サイバーセキュリティは軽視すべきものではありません。スマートホーム 製品に関する新しいレポートは、その点を完璧に浮き彫りにしています。数日間にわたって、複数のロボット掃除機が米国各地の都市でハッキングされ ました。
オーストラリアのABCニュースは、ハッカーが国内の複数の都市でロボット掃除機を完全に制御できたと報じている。ハッキングにより、攻撃者は所有者に人種差別的な言葉を叫んだり、遠隔操作でデバイスを操作してペットを追いかけたり、掃除機のカメラを通して見たりすることが可能になった。影響を受けたロボット掃除機はすべて、中国製のECOVACS Deebot X2という同じメーカー、同じモデルだった。
ミネソタ州の弁護士ダニエル・スウェンソン氏からの報告がある。スウェンソン氏の場合、彼はテレビを見ていたところ、掃除機が「途切れたラジオ信号か何か」のような奇妙な音を立てていることに気づいた。スウェンソン氏は、見知らぬ人がライブカメラの映像とリモートコントロール機能にアクセスしているのを見て、パスワードをリセットしてロボットを再起動したとメディアに語った。妻と13歳の息子と一緒にソファに座ると、ロボットはすぐに再び動き出し、スウェンソン氏の家族は人種差別的な卑猥な言葉を吐き出すのをはっきりと聞くことができた。

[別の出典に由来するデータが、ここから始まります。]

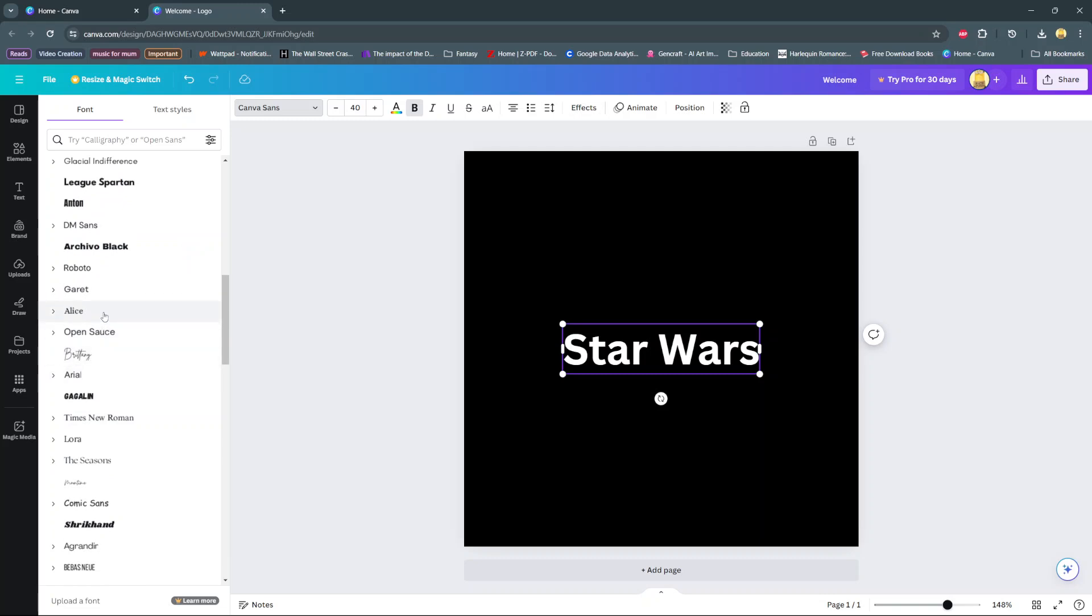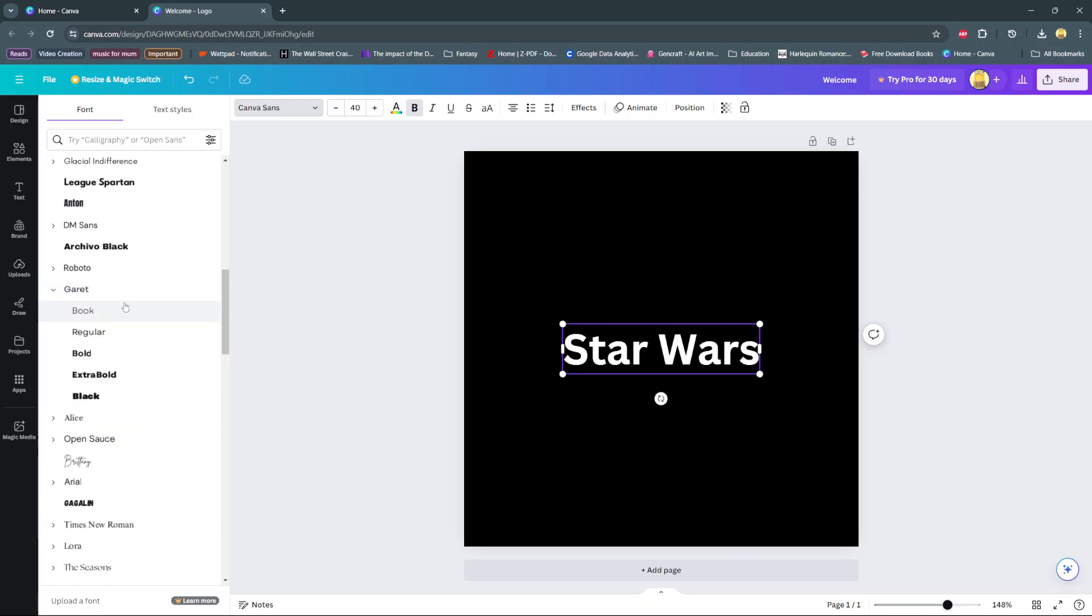You'll also notice these arrows next to some fonts. This means that there's multiple styles or multiple options you can use under the font. So say for example we choose Garret, from here we have the book option, we have regular, bold, extra bold, and black, so you can use any of these styles that you'd like.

「子供、おそらくティーンエイジャーだったという印象を受けた」とスウェンソン氏は語った。「彼らはデバイスからデバイスへと飛び移って家族を困らせていたのかもしれない」。弁護士はその後、デバイスの電源を切り、ガレージに持ち込んだが、電源は切られたままである。すべてが不気味だったにもかかわらず、スウェンソン氏は、ハッカーが誰にも気づかれずに家族を静かに観察していた可能性もあり、もっとひどいことになっていたかもしれないと語る。スウェンソン氏は、ロボットを家族の主浴室と同じ階に置いていたと述べ、「うちの一番下の子供たちはそこでシャワーを浴びている」と付け加えた。
ミネソタ州での事件は5月24日に発生し、ロサンゼルスでDeebot X2がハッキングされ、飼い主の犬を追いかけるために使用されたのと同じ日だった。エルパソでもミネソタ州と同様に、プラグが抜かれるまで飼い主に人種差別的な言葉が浴びせられた事件が報告された。
ハッキングされたDeebot X2の台数は不明だが、ECOVACSは6か月前にセキュリティ研究者からロボットとアプリの深刻なセキュリティ上の脆弱性について警告されていたと報じられている。最も深刻な欠陥はBluetoothコネクタで、これにより300フィート以上離れたところからでも完全なアクセスが可能になる可能性があり、これがこれらの事件の原因である可能性は低い。2023年12月、セキュリティ研究者のデニス・ギーズ氏とブレイリン・ルードケ氏は、カメラフィードを保護するPINコードシステムに問題を発見した。PINコードはアプリのみでチェックされ、サーバーやロボットではチェックされなかったため、技術的なノウハウがあればチェックを回避できる可能性がある。
2人がこの脆弱性を公表する前に、ECOVACSはこの問題について警告を受けていた。広報担当者は脆弱性は修正されたと主張しているが、Giese氏はABCに対し、解決策は不十分だったと語った。
同紙によると、ECOVACSは11月にDeebot X2のパッチをリリースする予定だという。同社は顧客にパスワードの変更を促すメールを送ったとも言われている。